As far as I can read, the config file PBS_HOME/sched_priv/holidays must contain the present year info in a line like

YEAR 2016

Apparently, there can only be one YEAR per file (and thus per pbs_sched config. So how do site admins in practice deal with year roll-over? Sit tight around midnight on Jan 1st and reconfigure - or copy/move/symlink files with the at command (or cron)? All these options seem unattractive for operational/stability reasons.

Also, the actual format of the holidays seems somewhat lacking (this would be a devel issue), as both the day-of-year and the calendar date must be specified for each day. One of them aught to be enough.

From an operational perspective, the file should be in a format, which would allow it to always contain information for at least some days (or a month) into the future. This could be done by either allowing several YEAR blocks, or specifying the holidays as e.g.

YYYY-MM-DD Comment

such that multi-year info can be compiled into a single file. But presumably, some experienced site admins already thought of some solution, which do not require recoding of the scheduler.

Actually, we do not expect to use primetime/non-primetime at our clusters. Thus, as the admin guide (v13.1 §4.8.35.2 page AG-260):

So, I assumed that if I removed the holidays file, then all was well, and I would not use primetime/non-primetime. That seems to be the case, but the scheduler complains (logs) about it:

...;0001;pbs_sched;Svr;pbs_sched;No such file or directory (2) in parse_holidays, Error opening file holidays
...;0040;pbs_sched;Fil;holidays;Warning: cannot open holidays file; assuming 24hr primetime
...;0004;pbs_sched;Fil;holidays;The holiday file is out of date; please update it.

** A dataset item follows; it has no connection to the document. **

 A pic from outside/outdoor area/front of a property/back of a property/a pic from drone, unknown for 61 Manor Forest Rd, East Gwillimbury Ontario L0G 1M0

If I add an empty file, then the scheduler complains (presumably because YEAR is missing) that

...;0004;pbs_sched;Fil;holidays;The holiday file is out of date; please update it.

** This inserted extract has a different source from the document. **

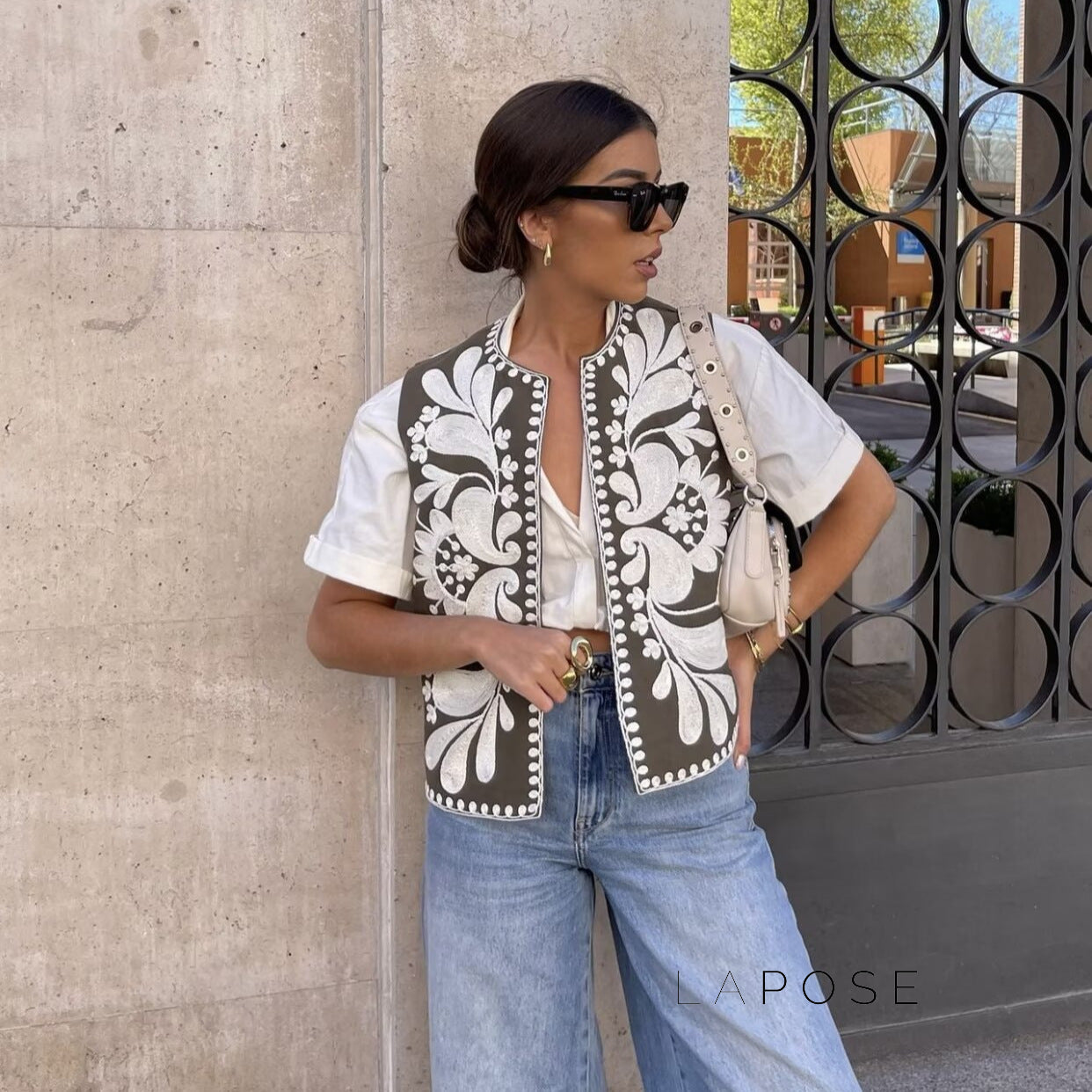 Yaneth Embroidered Crop Vest [8WJVCEV3]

So, how do I turn off primetime/non-primetime without the scheduler complaining.
I can create an “almost empty” holidays file with just the content YEAR 2016, but then the scheduler will likely complain once we get a few seconds into 2017. (Plus I need to update a redundant file).
Edit: Actually, this last option seems to make every day primetime, but “ending at midnight”. So it is likely a bad idea. Presently, I will remove the holidays file altogether (or alternatively leave it empty), and live with the scheduler complaining.

Note that this is likely only a logging/warning issue - I expect the the scheduler actually behaves like expected.

Best,

/Bjarne

Hey Bjarne,

Thanks a lot for the research and all the good suggestions!

There actually has been an RFE (internally) to fix the holidays file for some time now, I personally worked a bit on it and did try to get rid of all the pain points that you mentioned. With the transition to Open Source, the RFE sort of got left behind and needs to be re-prioritized. I think it is now targeted for the 15.0 release. As soon as a dev picks it up again, you should see some activity on the forums about it. I’ll try to convey your observations to the team when this starts getting worked on again.

Thanks again!
Ravi

It will still work with the existing content though (which for real holidays will unfortunately be incorrect).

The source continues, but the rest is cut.